(GIVEN DATA):
- - -
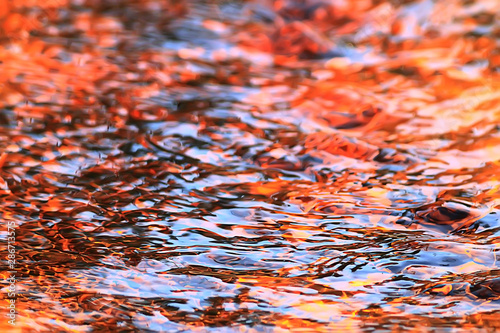 abstract background ripples on water / brown stream, water texture brown color on the swamp, peat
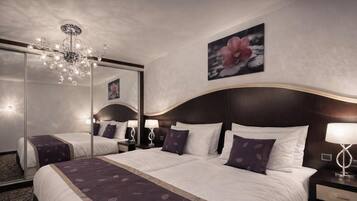 A hotel room with a large bed, a chandelier, a mirror, and a flower painting on the wall.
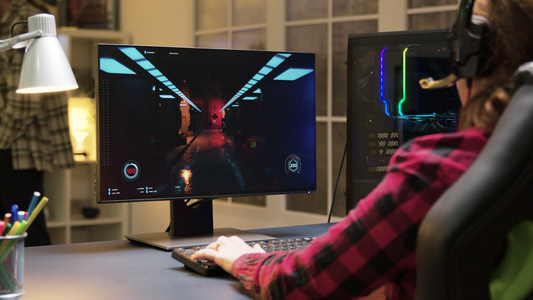 女用耳机坐在游戏椅上在计算机上玩电子游戏视频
- - -
(WORK REQUIRED):
Every word of the material, and none of its pictures, should be set down again.

(EXERCISE OUTPUT):
 abstract background ripples on water / brown stream, water texture brown color on the swamp, peat
 A hotel room with a large bed, a chandelier, a mirror, and a flower painting on the wall.
 女用耳机坐在游戏椅上在计算机上玩电子游戏视频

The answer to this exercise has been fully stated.